Reproduce the data below in full and exclude every picture.

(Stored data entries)
━━━
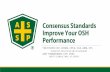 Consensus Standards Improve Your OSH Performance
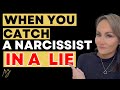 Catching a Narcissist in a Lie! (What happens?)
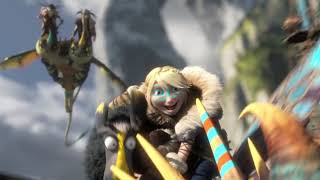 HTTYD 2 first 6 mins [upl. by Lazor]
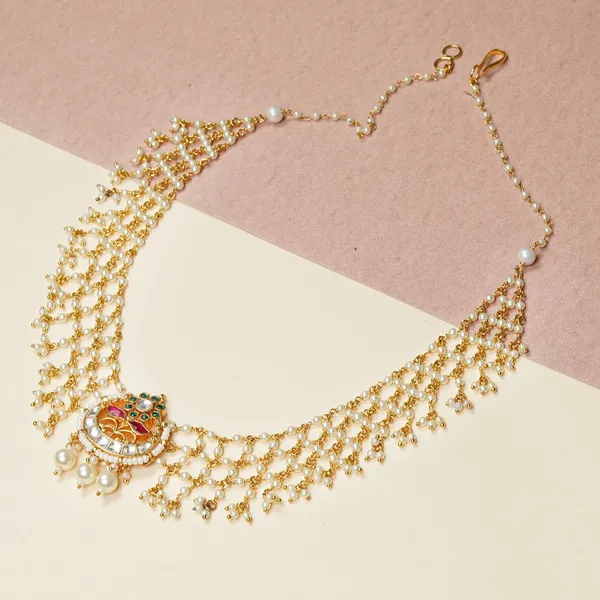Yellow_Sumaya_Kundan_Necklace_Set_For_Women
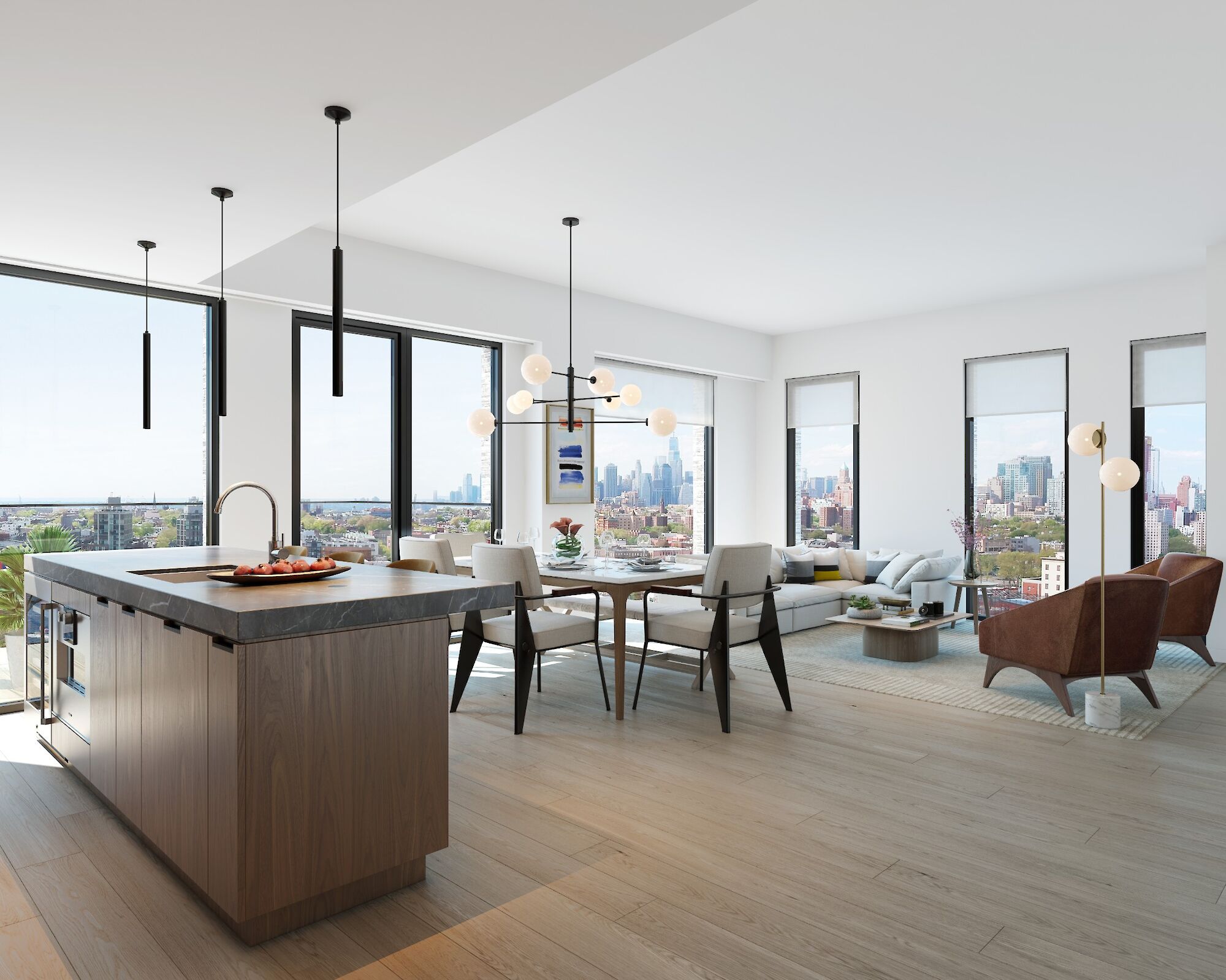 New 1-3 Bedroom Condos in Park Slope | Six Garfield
━━━
# [Response to this task]
 Consensus Standards Improve Your OSH Performance
 Catching a Narcissist in a Lie! (What happens?)
 HTTYD 2 first 6 mins [upl. by Lazor]
Yellow_Sumaya_Kundan_Necklace_Set_For_Women
 New 1-3 Bedroom Condos in Park Slope | Six Garfield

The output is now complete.